• [Goal of the exercise] Among the records below, find the line that has "Summer Women's Vintage"; from there, give the lines again exactly, and stop after the line that has "at 8/32 Karori".

• [Crawled caption data]
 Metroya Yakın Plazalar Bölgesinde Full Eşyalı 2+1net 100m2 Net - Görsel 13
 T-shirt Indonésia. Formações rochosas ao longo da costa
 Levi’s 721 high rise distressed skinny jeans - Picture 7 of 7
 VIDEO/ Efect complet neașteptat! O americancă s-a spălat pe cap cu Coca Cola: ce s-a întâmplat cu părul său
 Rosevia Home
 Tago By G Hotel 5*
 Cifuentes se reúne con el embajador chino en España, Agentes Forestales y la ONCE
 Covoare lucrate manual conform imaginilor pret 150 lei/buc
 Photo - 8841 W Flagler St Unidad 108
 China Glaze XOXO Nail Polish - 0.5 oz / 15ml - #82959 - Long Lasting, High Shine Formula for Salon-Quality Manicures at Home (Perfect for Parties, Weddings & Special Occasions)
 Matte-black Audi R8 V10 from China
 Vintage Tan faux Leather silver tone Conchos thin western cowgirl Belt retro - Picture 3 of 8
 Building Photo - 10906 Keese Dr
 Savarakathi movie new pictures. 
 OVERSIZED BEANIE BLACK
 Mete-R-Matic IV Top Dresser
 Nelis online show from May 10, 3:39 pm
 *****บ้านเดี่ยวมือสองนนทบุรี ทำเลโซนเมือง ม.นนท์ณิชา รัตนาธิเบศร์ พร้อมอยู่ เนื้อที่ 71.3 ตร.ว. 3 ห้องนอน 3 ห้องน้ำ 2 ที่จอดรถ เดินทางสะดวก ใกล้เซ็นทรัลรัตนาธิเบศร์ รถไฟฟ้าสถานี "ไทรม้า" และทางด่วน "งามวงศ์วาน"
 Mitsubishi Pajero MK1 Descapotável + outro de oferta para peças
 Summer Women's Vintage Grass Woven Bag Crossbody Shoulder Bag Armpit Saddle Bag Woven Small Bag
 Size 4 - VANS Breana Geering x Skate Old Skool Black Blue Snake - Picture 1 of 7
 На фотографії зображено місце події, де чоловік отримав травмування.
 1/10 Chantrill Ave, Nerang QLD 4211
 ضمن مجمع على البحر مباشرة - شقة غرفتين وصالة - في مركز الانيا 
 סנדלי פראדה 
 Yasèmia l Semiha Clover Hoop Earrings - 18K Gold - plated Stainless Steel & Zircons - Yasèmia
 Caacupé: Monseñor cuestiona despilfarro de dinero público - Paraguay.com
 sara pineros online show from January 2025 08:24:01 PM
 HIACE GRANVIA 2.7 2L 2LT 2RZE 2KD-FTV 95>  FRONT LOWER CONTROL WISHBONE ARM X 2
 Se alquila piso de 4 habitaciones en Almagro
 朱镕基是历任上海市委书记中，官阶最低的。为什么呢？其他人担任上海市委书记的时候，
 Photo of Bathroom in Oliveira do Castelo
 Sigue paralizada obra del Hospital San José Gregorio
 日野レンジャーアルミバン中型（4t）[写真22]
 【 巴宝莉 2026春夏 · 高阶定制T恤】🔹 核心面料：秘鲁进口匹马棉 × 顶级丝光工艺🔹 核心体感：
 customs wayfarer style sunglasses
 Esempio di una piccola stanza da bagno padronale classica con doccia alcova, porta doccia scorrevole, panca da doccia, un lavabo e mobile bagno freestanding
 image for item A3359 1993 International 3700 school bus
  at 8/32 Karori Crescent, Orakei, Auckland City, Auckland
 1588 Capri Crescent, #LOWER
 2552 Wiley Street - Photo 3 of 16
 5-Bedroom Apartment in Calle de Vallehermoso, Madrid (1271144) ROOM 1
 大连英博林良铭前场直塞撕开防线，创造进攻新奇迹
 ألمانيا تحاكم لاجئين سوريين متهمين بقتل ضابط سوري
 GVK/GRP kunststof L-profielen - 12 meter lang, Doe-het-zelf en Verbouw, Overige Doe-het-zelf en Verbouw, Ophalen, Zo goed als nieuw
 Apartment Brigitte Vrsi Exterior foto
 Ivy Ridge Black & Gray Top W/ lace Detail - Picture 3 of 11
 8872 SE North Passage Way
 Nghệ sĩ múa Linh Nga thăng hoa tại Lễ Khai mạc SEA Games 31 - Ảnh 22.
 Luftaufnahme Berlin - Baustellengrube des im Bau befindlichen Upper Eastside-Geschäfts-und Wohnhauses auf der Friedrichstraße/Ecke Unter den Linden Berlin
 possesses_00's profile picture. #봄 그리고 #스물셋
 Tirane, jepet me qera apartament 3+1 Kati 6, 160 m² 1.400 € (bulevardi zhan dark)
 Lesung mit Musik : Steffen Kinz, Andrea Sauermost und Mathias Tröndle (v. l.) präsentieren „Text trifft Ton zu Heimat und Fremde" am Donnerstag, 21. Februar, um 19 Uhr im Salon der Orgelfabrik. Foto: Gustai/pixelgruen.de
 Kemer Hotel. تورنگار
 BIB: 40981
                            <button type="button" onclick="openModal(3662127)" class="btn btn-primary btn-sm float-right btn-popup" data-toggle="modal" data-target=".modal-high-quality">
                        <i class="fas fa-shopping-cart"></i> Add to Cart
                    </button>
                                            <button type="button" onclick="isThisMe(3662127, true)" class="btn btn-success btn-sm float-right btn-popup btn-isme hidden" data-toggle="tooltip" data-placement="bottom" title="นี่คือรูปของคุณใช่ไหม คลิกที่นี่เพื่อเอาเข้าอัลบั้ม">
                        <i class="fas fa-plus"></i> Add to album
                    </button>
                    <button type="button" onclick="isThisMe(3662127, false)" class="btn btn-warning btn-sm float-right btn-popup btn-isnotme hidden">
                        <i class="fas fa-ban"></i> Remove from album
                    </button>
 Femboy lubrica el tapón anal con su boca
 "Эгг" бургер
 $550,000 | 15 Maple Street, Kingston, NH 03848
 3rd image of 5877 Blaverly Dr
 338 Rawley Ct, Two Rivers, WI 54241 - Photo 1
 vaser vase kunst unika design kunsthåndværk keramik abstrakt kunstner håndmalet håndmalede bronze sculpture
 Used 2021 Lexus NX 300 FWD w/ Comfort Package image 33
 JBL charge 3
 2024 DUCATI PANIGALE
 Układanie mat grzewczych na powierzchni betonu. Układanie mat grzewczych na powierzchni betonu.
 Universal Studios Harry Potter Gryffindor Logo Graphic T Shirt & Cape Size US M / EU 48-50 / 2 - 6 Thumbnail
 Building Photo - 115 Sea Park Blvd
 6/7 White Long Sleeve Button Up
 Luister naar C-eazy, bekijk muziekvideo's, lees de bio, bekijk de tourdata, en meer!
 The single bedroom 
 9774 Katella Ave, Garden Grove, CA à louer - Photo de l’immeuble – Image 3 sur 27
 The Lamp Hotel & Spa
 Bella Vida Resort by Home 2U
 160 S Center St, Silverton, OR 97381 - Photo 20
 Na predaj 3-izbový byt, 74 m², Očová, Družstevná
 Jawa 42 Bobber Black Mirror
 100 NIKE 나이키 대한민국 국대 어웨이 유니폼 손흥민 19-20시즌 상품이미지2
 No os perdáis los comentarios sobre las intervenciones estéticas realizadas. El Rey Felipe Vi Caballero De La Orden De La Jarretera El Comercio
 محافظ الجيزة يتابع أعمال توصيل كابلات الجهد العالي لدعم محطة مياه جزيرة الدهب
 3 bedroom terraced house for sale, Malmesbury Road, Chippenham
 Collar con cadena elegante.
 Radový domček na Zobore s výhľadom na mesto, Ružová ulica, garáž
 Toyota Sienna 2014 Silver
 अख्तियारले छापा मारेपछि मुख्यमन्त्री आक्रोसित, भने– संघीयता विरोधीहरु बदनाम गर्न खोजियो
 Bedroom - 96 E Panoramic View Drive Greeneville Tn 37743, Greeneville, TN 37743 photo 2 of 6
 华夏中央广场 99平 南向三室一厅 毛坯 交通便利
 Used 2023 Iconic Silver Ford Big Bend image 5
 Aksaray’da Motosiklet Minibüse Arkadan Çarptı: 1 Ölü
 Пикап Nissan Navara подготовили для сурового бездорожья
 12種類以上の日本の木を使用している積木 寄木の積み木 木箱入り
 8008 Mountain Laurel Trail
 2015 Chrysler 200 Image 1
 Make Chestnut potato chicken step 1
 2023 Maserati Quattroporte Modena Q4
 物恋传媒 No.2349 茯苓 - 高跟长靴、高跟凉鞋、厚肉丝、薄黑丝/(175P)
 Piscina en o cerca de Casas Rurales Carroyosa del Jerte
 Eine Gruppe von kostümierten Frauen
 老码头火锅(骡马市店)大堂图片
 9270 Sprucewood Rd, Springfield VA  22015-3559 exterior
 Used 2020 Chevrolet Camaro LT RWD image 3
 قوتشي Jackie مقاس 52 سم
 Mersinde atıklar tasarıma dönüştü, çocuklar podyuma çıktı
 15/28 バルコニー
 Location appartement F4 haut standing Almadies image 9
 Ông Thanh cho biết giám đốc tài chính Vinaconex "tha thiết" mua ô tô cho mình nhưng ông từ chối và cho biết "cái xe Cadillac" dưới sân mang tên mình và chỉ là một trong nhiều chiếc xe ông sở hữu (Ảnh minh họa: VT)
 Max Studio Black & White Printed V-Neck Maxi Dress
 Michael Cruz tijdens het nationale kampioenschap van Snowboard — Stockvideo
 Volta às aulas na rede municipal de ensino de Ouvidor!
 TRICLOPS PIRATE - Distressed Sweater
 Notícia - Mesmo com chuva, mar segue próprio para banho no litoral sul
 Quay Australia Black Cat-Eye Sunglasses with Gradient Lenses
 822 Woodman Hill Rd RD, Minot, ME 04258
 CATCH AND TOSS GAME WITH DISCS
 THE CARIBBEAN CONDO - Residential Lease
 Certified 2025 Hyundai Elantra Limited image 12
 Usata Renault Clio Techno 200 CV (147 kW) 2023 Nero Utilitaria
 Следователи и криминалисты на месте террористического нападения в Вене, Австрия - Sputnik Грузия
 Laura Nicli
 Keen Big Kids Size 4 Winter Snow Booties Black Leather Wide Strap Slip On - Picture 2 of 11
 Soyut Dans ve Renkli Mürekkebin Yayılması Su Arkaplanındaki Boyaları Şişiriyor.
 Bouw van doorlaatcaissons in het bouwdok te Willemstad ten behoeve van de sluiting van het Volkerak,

• [Solution for this problem]
 Summer Women's Vintage Grass Woven Bag Crossbody Shoulder Bag Armpit Saddle Bag Woven Small Bag
 Size 4 - VANS Breana Geering x Skate Old Skool Black Blue Snake - Picture 1 of 7
 На фотографії зображено місце події, де чоловік отримав травмування.
 1/10 Chantrill Ave, Nerang QLD 4211
 ضمن مجمع على البحر مباشرة - شقة غرفتين وصالة - في مركز الانيا 
 סנדלי פראדה 
 Yasèmia l Semiha Clover Hoop Earrings - 18K Gold - plated Stainless Steel & Zircons - Yasèmia
 Caacupé: Monseñor cuestiona despilfarro de dinero público - Paraguay.com
 sara pineros online show from January 2025 08:24:01 PM
 HIACE GRANVIA 2.7 2L 2LT 2RZE 2KD-FTV 95>  FRONT LOWER CONTROL WISHBONE ARM X 2
 Se alquila piso de 4 habitaciones en Almagro
 朱镕基是历任上海市委书记中，官阶最低的。为什么呢？其他人担任上海市委书记的时候，
 Photo of Bathroom in Oliveira do Castelo
 Sigue paralizada obra del Hospital San José Gregorio
 日野レンジャーアルミバン中型（4t）[写真22]
 【 巴宝莉 2026春夏 · 高阶定制T恤】🔹 核心面料：秘鲁进口匹马棉 × 顶级丝光工艺🔹 核心体感：
 customs wayfarer style sunglasses
 Esempio di una piccola stanza da bagno padronale classica con doccia alcova, porta doccia scorrevole, panca da doccia, un lavabo e mobile bagno freestanding
 image for item A3359 1993 International 3700 school bus
  at 8/32 Karori Crescent, Orakei, Auckland City, Auckland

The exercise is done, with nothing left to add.